12:32 PM
If You Build It, Will They Come?
While the Yankees and Red Sox get ready to battle it out on the field, wealth-management businesses are gearing up to compete on the Street. With affluent investors and growing fortunes dangling in front of them, firms need to parlay their wealth-management technologies into a winning lineup. Yet, instead of turning to their tried-and-true technology departments to help them win the game, many firms are hoping that outsourcing and vendor partners will make them the teams to beat.
As advisers are being pushed to provide an overall plan for clients, rather than simply offer advice on a transaction-by-transaction basis, the time is ripe for wealth managers to invest in technology, explains Donie Lochan, vice president of Cap Gemini Ernst & Young's global financial services' wealth-management business. "Most of the systems that have been built up over the years [at wealth-management firms] are for transaction-based businesses, [rather than for] a holistic wealth-management business model," he adds. In addition, "The huge cost of maintaining applications has caused firms to look at tech spending differently," he says, lending credence to new operating models.
Wachovia Securities, a Richmond, Va.-based broker-dealer, is the latest player to step to the plate with new wealth-management technology. The firm recently turned to Thomson Financial to provide its 19,000 advisers with both front- and back-office tools. According to Sharon Rowlands, Thomson's president and chief operating officer, Wachovia's $200 million strategy involves migrating the 6,000 desktops of Prudential Securities, which recently merged with Wachovia, from Reuters workstations to Thomson's newest broker workstation, Thomson One, while upgrading its own Thomson ILX desktops to the Thomson One version, as well.

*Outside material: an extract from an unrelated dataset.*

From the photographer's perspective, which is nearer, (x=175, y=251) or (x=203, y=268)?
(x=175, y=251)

Thomson will supply the firm with back-office processing through its BETA system and provide integration between the back and front offices.

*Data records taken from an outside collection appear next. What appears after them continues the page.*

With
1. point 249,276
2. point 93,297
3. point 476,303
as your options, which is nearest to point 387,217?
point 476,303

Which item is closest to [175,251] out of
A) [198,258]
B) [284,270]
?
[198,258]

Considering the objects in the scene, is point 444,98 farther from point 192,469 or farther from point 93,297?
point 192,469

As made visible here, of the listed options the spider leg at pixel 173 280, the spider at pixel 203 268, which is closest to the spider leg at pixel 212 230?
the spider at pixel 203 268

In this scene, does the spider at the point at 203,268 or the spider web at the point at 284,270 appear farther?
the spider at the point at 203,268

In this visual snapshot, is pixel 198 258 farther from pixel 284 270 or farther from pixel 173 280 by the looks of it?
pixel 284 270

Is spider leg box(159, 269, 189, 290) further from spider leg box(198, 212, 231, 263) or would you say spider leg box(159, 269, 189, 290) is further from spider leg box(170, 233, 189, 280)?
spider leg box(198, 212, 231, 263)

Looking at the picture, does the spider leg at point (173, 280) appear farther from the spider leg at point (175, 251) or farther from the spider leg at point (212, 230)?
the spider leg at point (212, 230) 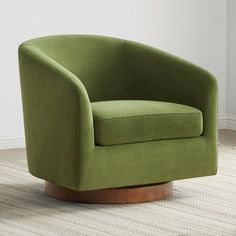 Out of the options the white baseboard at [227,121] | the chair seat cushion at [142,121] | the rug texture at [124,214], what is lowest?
the white baseboard at [227,121]

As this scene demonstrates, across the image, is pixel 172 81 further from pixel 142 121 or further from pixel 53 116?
pixel 53 116

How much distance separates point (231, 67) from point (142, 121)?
2.84 meters

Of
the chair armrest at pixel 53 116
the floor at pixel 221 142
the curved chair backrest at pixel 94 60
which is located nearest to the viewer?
the chair armrest at pixel 53 116

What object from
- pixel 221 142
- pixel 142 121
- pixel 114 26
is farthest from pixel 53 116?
pixel 221 142

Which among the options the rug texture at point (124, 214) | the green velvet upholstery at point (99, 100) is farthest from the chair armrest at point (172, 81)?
the rug texture at point (124, 214)

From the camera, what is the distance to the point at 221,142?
5406 mm

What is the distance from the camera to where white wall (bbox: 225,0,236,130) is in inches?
234

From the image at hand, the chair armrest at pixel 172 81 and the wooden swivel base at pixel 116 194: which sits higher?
the chair armrest at pixel 172 81

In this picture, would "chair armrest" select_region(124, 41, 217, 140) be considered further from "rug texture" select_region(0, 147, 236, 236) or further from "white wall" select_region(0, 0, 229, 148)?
"white wall" select_region(0, 0, 229, 148)

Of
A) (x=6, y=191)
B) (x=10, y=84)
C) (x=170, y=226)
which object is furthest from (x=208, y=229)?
(x=10, y=84)

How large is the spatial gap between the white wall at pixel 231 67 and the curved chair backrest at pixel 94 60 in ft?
7.24

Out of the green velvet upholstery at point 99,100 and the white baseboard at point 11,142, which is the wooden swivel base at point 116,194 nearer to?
the green velvet upholstery at point 99,100

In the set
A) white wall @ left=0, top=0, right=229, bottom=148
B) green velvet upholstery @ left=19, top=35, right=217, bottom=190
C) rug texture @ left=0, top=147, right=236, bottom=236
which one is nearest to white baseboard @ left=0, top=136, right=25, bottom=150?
white wall @ left=0, top=0, right=229, bottom=148

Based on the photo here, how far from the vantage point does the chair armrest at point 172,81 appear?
11.8ft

While Wachovia declined to comment for this story, Rowlands says that the end-to-end system will be almost entirely a combination of Thomson and Wachovia products, demonstrating Thomson's ability to act as a service provider and business partner.
Will Thomson take on the general contractor role with Wachovia? "We are going to be involved in managing a lot of the Wachovia project," Rowlands answers, noting commitment to migration, rollout and training. "A big chunk of the work sits with us, but we're confident there will be a strong combined Wachovia-Thomson effort."
If this story is giving you deja vu, you're not alone. We all heard something similar just a year ago, when Merrill Lynch signed on Thomson as the general contractor in its own multi-million dollar wealth-management project. Recently, though, there has been media speculation that the deal has gone awry. It has been reported that the customer-relationship-management tools contracted to be implemented by Siebel Software were no longer part of the deal, and that Thomson has fallen behind on many of its deliverables, but a spokeswoman for Merrill says only that the schedules have changed. As far as the participants go, she says, "Nothing has changed; the contracts are the same."
Richard Campione, group vice president and general manager at Siebel, echoes her statement: "Merrill is committed to Siebel being the CRM [customer-relationship management] component of its wealth-management platform."
Thomson's Rowlands adds that Thomson and Merrill are rebuilding new online systems for every global retail customer, as well as advisers' desktops and the technological infrastructure, to serve all branch networks. The original plan was to roll those components out simultaneously, she explains, but the partners have decided to first roll out the online aspects, beginning in March. "As we get a couple of months under our belt, we'll try to roll the desktops out, closer to the middle of the year," she says.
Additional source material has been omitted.